Value Based Reimbursements (VBR) are health care industry buzzwords used to define new payment models to care for patients in a cost effective, high quality, and accessible manner. These new models are rapidly changing how care is provided, from volume based payment to value based ones.

The transition to VBR has significant implications on how care is delivered, how providers are organized, how diseases are treated, and whether, based on the changing demographic in the U.S., we can afford health care.

Can consumers keep up with the speed at which these changes are taking place? If they can’t, then what does it mean for the overall success of these payment models?

Some have called VBR “fee for service, with footnotes.” In most payment and delivery models, the underlying payments are made using existing payment codes, such as for physicians who are paid under common procedure terminology for services and procedures performed—either in a hospital setting, or outside of one, such as in a physician’s office.

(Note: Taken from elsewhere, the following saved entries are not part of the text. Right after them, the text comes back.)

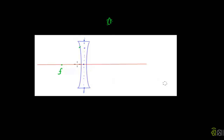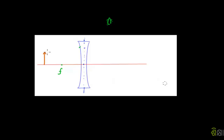You can adjust the object position. You will see the object. If we move parallel to the principal axis, ray of light path...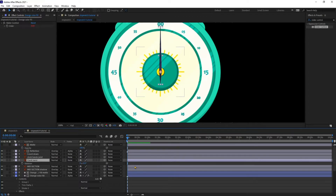Let's check this — change the value of the rotation. Now it's looking perfect, so let's proceed with the animation.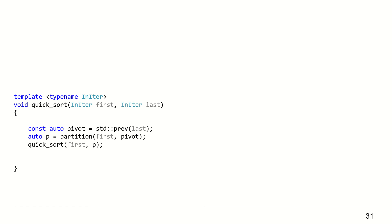Call Quicksort for the left sub-collection, excluding the pivot because it's already sorted. Call Quicksort for the right sub-collection, excluding the pivot because it's already sorted.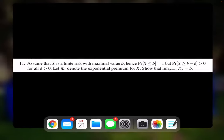So the point is, we will assume that X is a finite risk with maximal value of B. That means that the probability that X is lower or equal than B is just 1, but the probability that X is greater or equal than B minus epsilon is positive for all epsilon. We need to prove that if pi sub alpha is the exponential premium for X, then this exponential premium tends to become the maximum loss premium as alpha goes to infinity.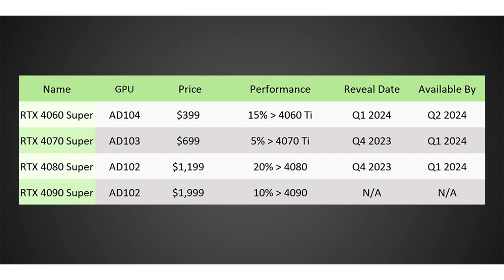As for the availability of new models from NVIDIA, according to the source, GeForce RTX 4070 Super and RTX 4080 Super will be available in the first quarter of next year, and RTX 4060 Super in the second quarter.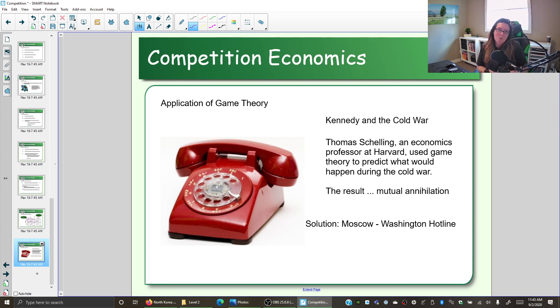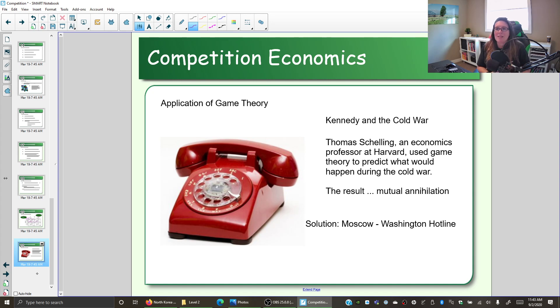We're going to spend more time on game theory later this semester. But right now, we just want to look at how people make decisions and how those decisions can be changed with incentives.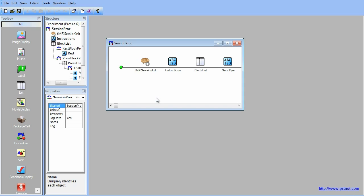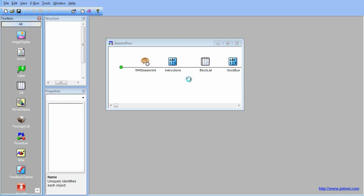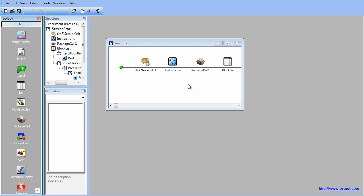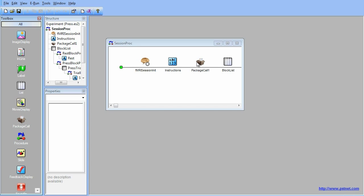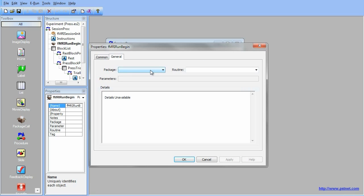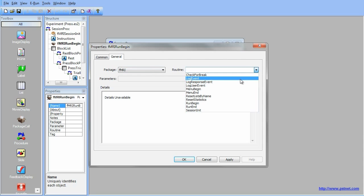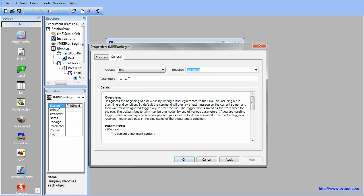The next important package call to add is called fMRI run begin. While still in the Experiment Session Proc, drag another Package Call Experiment Object in between the Instructions Text Object and the Block List Text Object. Rename this package call fMRI run begin. Open the Package Call Properties page, change the Package drop-down to fMRI and the Routine drop-down to Run Begin. This package call marks the beginning of the functional scan. Click OK to accept the changes.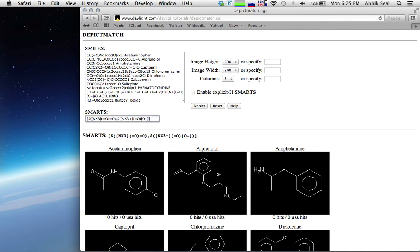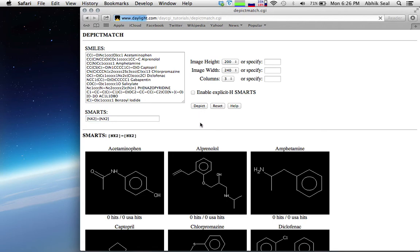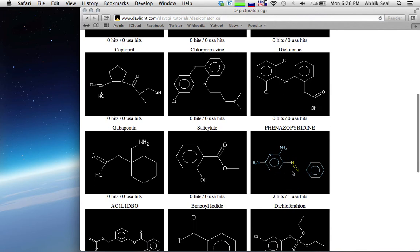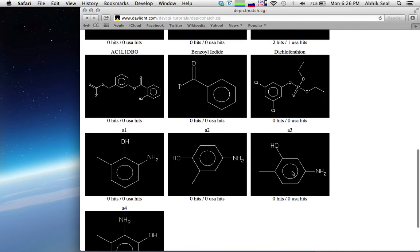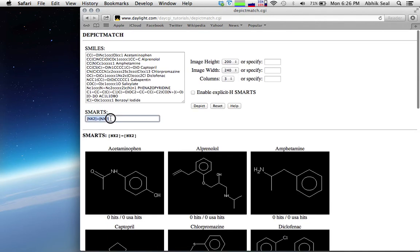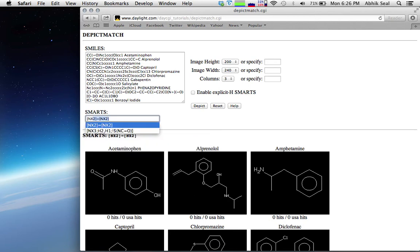Let's select azo compounds: NX2 double bond NX2. All the azo nitrogen diazines will get selected — there is one phenazopyridine and nothing else. For hydrazine it's NX3 without any bond, but it doesn't appear there are any hydrazines in the dataset.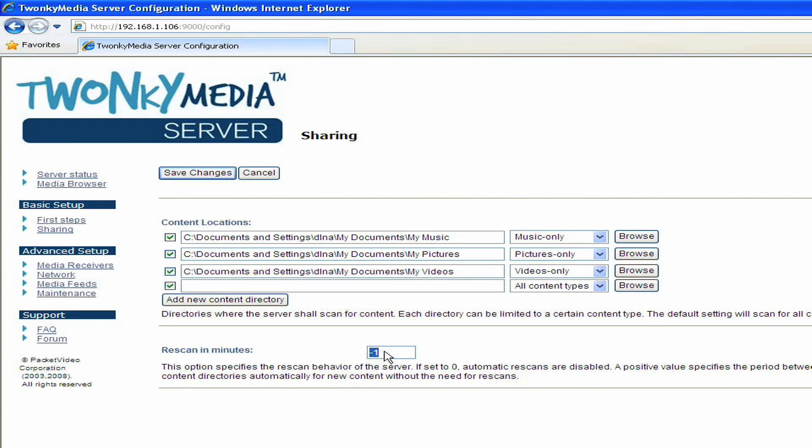This is where the Mac platform is a bit different. On the Mac platform, the ability to auto-detect new content in this way is not actually enabled. So on the Mac platform, you'd want to set this to some positive value. I would suggest using something like five. What that would mean is that every five minutes, it will actually go and look for new content in your media shares and index it and add that to your list of content that's shared out of the server.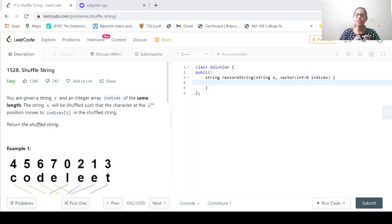Welcome everyone to one more session in LeadCode Solutions Tutorial Series. In this particular session, we are going to look at the problem ShuffleString.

Additionally, based on diagnoses and procedures performed in a hospital, the service or procedure is grouped into diagnosis related groups (DRGs) for inpatient services, or ambulatory payment classifications (APCs).

What VBR brings to the table is an overlay of existing coding and payment mechanisms, with a capped payment or incentive to deliver care more cost efficiently and in a more coordinated manner.

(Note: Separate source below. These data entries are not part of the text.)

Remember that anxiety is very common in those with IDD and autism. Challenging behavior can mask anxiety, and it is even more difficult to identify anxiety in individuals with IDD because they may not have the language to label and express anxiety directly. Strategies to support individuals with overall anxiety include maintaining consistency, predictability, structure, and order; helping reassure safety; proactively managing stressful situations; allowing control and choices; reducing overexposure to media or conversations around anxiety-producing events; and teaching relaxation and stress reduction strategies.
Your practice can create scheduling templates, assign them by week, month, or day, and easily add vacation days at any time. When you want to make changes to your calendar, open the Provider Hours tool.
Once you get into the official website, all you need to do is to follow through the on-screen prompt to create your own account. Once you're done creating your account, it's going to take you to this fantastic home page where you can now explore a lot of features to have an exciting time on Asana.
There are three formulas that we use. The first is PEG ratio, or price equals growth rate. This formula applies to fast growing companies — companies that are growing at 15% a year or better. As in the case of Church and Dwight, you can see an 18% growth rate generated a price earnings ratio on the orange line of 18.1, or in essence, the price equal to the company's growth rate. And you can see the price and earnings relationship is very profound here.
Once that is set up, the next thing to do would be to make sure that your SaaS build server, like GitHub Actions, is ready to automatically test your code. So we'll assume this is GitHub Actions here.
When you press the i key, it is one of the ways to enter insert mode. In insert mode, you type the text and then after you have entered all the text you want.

The types of VBRs currently in vogue and growing in popularity include bundled payments, a derivative of DRGs, but with a longer period of time for care and payment, both in and out of the hospital. These offer better care coordination, especially outside of a hospital setting.

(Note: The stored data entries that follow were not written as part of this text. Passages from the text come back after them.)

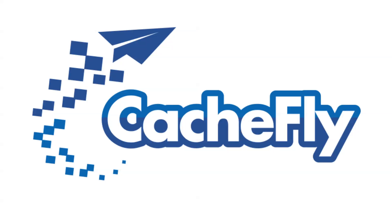Bandwidth for this podcast is brought to you by CashFly at C-A-C-H-E-F-L-Y dot com.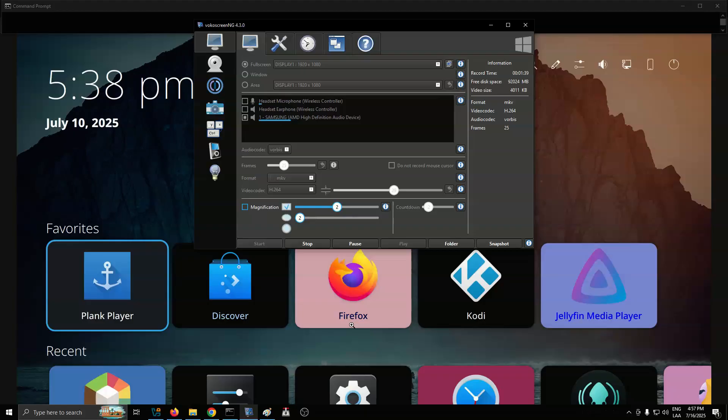One notable improvement is the updated application-launching feedback, which mirrors the responsive system seen in Plasma Mobile, providing users with clear visual cues when an app starts.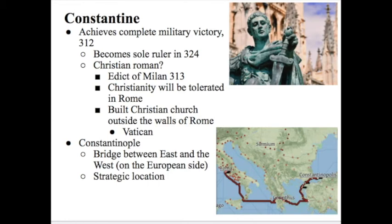Constantine, now secretly Christian, builds a Christian church outside the walls of Rome called St. Peter's Basilica, which eventually becomes the Vatican — where the Pope lives. The Vatican is second in importance for Christianity possibly only to Jerusalem, where Jesus was born. Constantine not only tolerates Christianity but actively becomes a Christian emperor.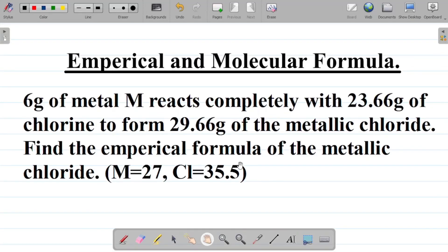Let's look at this question on empirical and molecular formula. This question says six grams of metal M reacts completely with 23.66 grams of chlorine to form 29.66 grams of the metallic chloride. Find the empirical formula of the metallic chloride.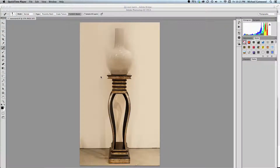My name is Michael Gatewood and I'd like to talk about tracing around objects using the Pen Tool. We have an object that needs to be cut out from its background, and I'd like to show you how to do this by showing you the Pen Tool and its ways of cutting out an object.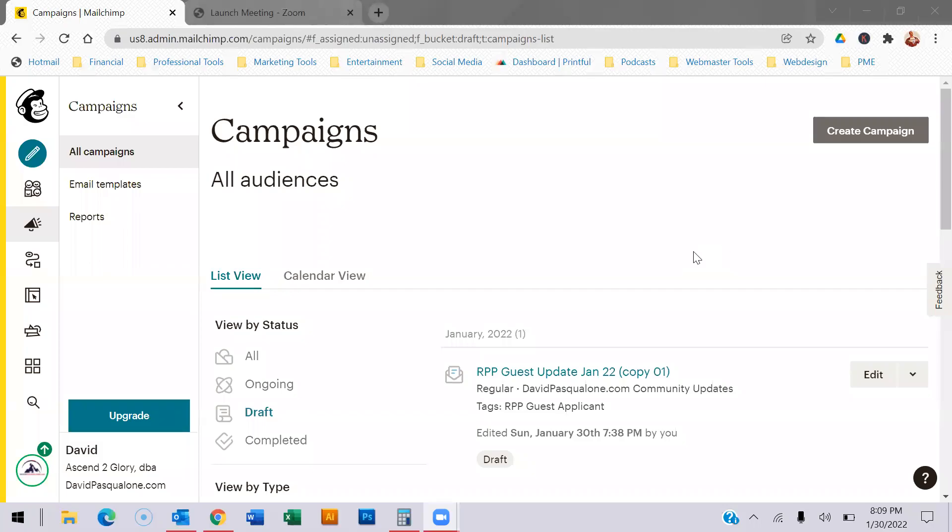Hey friends, this is David Pasqualone with DavidPasqualone.com and if you're like me, you've been using MailChimp for years, but it's getting more and more frustrating to use.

Also popular are capitation, offering a fixed amount for care of an individual for a period of time, and risk shared arrangements, when care is provided for a lower amount than projected and the savings are shared between parties.

Medicare is driving VBR due to the fact that health care costs have risen much faster over time than the consumer price index for most other services, with health care costs approaching 18-20% of the U.S. gross domestic product.

Medicare is being asked by politicians and the public to slow down its spending rate. Perhaps what is most interesting about Medicare’s initiatives is that empirical evidence of whether it actually works in reducing spending is missing, or isn’t demonstrative that it does work.

It is ironic that Medicare requires randomized controlled trials for approving new technologies/services when approving them for payment, yet, with VBR payment initiatives around payment, Medicare is moving rapidly forward with minimal to no evidence that any of the VBRs actually work in reducing costs or improving quality.

It seems to be ready, fire, aim rather than ready, aim, fire. Is this what we have come to regarding how health care should be provided?